In today's digital era, the adoption of cutting-edge technologies like AI and Generative AI presents a wealth of benefits across industries and countries. It's anticipated to significantly boost worker productivity and add trillions to the global economy. But as organizations position themselves to integrate AI, they often encounter challenges in data capture.
Turning to the modality of speech, the Israeli startup aiOla has pioneered the use of NLU (Natural Language Understanding) and ASR (Automatic Speech Recognition) technologies, aiming to equip businesses with the capability to close the data capture gap, streamlining processes and enhancing operational efficiency.
At its core, aiOla's patented speech AI solution is capable of understanding over 100 languages, filtering through ambient noise, and adapting to various accents and terminologies. Their approach saves time and resources, and empowers a global workforce to operate in their native languages. The startup was founded in 2020 by Guy Ernst and Amir Haramaty, and has attracted over $33 million in VC backing, having raised its Series A in 2022. In our interview with CEO, Haramaty, we explored the vision behind aiOla, exploring the challenges it aims to solve, its impact on the industry, and the future it envisions for speech recognition technology in the business world.
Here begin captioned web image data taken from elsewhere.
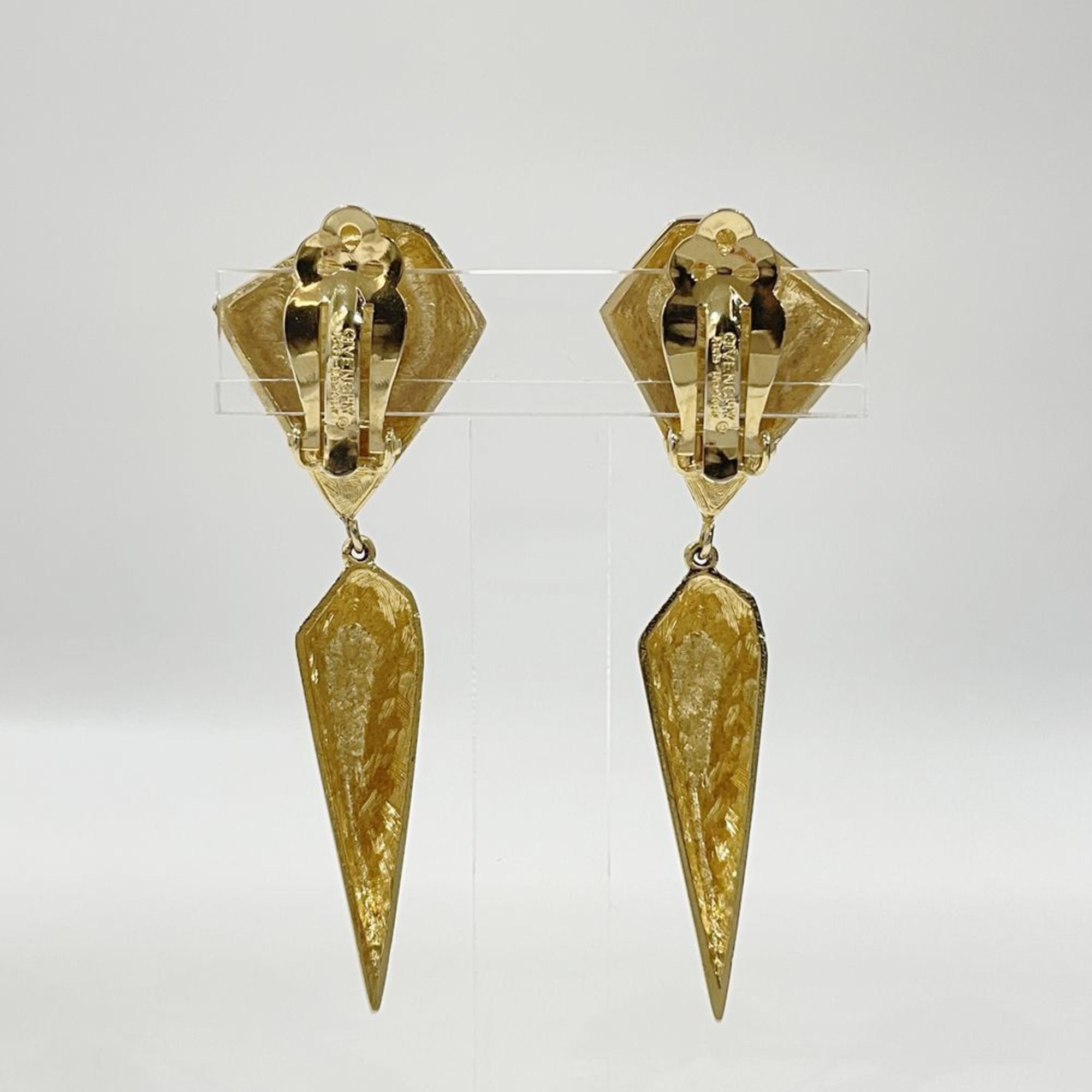 Givenchy GP Earrings Vintage Clear Stone Edge Women's Gold 20484033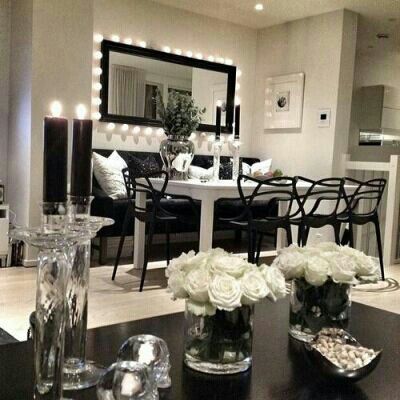 Love it! Black And White Themed Apartment, Black And White Decor, Decoration Inspiration, Remodel Bedroom, White Home Decor, White Decor, Home N Decor, My New Room, Home Fashion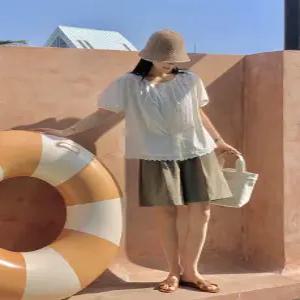 버튼핀턱 썸머 뒷밴딩 반바지 (3 color) 아이스소재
Your journey into the AI and big data realms predates the current explosion of interest. What sparked your interest?
I’ve been immersed in the tech and the big data field for years. Over the past decade, I’ve been deeply involved with AI, well before they became the most used and abused letters in the world. My previous company was the AI platform of choice of one of the leading global management consulting companies where I had the opportunity to engage with some of the leading enterprises in the world.
Through these experiences, I came to understand that while AI and ML are incredible tools, they are just tools and the most important element is data. Separately, only a few, mainly data scientists, were actually benefiting from AI and therefore I wanted to go after the uncaptured and unstructured data that was missing while connecting the promise of AI to the masses.